##### Listed records
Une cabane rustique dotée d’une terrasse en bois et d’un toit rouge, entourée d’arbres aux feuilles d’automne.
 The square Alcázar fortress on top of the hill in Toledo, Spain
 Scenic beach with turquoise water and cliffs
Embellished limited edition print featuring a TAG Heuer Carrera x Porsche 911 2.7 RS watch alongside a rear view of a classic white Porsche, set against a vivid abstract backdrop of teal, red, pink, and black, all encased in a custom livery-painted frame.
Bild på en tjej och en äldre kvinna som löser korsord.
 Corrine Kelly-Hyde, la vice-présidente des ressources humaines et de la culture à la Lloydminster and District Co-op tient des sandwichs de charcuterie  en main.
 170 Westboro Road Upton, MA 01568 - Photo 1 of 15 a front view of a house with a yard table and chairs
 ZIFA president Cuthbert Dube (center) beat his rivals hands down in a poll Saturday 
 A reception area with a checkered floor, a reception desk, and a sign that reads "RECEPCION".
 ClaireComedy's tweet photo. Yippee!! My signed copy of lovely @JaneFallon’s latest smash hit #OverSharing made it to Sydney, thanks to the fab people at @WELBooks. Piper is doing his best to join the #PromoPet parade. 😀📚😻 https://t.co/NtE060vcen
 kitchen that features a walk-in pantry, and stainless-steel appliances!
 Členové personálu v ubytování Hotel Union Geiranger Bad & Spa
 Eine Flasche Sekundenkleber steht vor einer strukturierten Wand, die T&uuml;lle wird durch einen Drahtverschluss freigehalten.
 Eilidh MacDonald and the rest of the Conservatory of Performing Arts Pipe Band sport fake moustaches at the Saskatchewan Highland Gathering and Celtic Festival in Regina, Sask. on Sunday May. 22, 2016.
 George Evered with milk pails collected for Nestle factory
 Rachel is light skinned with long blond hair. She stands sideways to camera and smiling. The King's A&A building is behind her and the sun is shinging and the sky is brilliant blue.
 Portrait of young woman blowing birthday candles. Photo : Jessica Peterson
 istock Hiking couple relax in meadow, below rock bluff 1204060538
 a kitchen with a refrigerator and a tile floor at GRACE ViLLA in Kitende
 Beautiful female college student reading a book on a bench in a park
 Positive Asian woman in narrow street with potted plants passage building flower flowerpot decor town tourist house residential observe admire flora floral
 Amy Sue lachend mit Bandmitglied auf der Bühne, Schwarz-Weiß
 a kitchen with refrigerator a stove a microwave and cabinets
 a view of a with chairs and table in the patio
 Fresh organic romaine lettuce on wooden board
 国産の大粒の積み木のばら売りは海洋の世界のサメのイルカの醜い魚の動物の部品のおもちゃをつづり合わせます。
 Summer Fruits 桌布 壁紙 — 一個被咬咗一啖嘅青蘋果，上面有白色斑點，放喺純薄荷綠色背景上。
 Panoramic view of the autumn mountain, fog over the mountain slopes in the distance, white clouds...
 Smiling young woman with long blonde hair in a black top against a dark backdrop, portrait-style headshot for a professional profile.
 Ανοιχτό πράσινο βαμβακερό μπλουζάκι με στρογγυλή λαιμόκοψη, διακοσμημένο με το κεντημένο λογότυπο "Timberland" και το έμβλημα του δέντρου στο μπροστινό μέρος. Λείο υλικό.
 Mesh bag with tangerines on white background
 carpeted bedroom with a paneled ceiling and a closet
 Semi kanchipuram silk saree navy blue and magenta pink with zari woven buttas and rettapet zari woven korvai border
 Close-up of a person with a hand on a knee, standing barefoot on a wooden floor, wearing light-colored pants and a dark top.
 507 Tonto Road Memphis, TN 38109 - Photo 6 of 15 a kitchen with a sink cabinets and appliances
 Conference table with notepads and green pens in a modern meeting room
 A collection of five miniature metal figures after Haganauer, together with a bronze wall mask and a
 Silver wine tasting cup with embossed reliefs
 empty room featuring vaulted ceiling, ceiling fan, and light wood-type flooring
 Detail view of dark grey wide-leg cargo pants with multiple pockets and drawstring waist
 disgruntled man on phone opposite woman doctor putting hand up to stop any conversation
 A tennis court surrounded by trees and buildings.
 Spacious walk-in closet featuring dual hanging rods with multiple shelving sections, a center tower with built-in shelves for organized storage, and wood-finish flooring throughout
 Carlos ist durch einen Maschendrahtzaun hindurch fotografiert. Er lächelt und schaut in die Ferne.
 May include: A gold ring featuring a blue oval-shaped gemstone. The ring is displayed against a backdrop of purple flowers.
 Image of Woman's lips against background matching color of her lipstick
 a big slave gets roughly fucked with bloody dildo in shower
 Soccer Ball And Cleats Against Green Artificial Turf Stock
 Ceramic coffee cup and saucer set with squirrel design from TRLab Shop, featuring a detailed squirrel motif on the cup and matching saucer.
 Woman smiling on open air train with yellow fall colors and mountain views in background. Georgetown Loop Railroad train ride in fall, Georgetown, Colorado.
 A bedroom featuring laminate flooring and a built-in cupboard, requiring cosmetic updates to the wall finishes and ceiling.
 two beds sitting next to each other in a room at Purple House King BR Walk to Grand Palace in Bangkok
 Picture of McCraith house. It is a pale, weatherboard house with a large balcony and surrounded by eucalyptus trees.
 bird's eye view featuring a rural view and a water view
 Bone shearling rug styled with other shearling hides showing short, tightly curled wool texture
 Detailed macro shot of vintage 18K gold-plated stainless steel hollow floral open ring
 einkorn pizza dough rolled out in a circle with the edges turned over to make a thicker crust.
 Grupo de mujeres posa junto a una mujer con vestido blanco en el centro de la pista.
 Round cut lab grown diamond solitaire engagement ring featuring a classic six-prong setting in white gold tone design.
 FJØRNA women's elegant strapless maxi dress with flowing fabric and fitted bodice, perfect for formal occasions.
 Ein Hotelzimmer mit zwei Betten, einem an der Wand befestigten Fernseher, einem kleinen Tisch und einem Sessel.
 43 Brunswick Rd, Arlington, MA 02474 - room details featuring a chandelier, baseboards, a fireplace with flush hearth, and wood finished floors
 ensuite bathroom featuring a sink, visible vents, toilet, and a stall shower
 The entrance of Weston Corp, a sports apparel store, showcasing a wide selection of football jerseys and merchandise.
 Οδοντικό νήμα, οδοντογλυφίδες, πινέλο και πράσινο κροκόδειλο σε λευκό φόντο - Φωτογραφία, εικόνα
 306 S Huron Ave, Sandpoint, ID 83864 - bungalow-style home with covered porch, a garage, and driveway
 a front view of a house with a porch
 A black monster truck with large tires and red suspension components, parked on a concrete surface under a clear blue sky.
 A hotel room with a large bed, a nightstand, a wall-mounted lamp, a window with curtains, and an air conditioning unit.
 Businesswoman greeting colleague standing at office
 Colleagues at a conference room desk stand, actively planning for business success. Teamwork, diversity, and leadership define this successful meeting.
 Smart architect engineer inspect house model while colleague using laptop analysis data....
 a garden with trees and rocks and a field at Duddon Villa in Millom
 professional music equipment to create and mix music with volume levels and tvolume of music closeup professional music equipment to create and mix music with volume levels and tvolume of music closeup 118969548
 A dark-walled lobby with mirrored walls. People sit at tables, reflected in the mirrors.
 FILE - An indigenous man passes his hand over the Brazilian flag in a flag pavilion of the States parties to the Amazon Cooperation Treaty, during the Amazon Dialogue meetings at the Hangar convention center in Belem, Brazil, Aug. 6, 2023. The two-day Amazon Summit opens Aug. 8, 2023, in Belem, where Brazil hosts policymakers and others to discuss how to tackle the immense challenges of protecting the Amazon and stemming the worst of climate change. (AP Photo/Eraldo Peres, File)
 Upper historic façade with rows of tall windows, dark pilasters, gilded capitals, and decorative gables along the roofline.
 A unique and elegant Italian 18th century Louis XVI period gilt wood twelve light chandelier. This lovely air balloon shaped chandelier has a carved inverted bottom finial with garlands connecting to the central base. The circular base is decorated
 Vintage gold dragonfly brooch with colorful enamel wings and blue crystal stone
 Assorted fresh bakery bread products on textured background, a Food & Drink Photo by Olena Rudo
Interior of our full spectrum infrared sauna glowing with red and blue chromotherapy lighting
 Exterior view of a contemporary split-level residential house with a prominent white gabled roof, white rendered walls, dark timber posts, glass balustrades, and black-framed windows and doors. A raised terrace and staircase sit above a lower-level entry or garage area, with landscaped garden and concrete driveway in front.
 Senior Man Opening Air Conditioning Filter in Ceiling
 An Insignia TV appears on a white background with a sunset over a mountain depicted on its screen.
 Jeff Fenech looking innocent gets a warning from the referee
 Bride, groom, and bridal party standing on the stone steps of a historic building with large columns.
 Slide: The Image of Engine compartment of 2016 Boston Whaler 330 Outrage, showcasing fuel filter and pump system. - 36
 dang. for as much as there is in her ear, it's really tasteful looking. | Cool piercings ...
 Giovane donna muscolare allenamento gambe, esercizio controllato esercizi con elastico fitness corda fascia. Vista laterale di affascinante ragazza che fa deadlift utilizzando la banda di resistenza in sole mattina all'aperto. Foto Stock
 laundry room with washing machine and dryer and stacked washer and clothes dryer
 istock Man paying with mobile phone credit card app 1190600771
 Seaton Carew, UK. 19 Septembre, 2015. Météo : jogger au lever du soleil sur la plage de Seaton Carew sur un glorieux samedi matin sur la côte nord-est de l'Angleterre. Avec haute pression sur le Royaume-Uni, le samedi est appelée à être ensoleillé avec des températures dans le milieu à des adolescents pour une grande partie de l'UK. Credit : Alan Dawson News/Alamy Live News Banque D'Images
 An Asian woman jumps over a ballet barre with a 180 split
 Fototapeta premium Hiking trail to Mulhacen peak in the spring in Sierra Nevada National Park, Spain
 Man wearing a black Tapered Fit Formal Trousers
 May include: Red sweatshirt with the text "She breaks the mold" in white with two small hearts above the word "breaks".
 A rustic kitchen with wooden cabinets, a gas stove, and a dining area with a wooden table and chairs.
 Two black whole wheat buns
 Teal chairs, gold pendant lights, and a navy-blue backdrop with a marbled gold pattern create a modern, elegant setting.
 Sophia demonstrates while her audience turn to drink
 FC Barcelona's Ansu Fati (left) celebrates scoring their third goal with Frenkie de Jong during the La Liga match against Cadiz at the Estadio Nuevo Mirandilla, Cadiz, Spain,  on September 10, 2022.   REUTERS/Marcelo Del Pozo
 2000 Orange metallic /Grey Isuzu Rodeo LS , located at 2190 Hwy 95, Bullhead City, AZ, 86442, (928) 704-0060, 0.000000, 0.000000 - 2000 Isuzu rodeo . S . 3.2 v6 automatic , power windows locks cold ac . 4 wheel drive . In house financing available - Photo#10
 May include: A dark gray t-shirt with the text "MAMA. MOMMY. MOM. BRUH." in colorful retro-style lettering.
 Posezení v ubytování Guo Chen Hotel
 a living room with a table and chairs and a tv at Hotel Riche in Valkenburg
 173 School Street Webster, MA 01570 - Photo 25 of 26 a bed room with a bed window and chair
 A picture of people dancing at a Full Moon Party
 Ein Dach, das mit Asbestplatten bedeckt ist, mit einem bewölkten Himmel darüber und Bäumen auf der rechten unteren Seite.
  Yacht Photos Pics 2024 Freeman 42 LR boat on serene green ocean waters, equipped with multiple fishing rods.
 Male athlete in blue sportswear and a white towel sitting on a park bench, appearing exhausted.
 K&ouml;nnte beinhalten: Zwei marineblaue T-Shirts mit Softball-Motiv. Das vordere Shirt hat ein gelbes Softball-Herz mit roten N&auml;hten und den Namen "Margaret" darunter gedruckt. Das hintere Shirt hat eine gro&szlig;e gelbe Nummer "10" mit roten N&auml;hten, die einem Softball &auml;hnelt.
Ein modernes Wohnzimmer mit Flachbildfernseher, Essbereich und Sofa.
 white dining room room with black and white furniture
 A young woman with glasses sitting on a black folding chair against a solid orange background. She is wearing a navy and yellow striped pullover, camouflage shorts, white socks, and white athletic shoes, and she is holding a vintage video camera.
##########
**Task to carry out:** Above are the entries; copy every line among them that contains the word "wide".

**Your response:**
 Detail view of dark grey wide-leg cargo pants with multiple pockets and drawstring waist
 The entrance of Weston Corp, a sports apparel store, showcasing a wide selection of football jerseys and merchandise.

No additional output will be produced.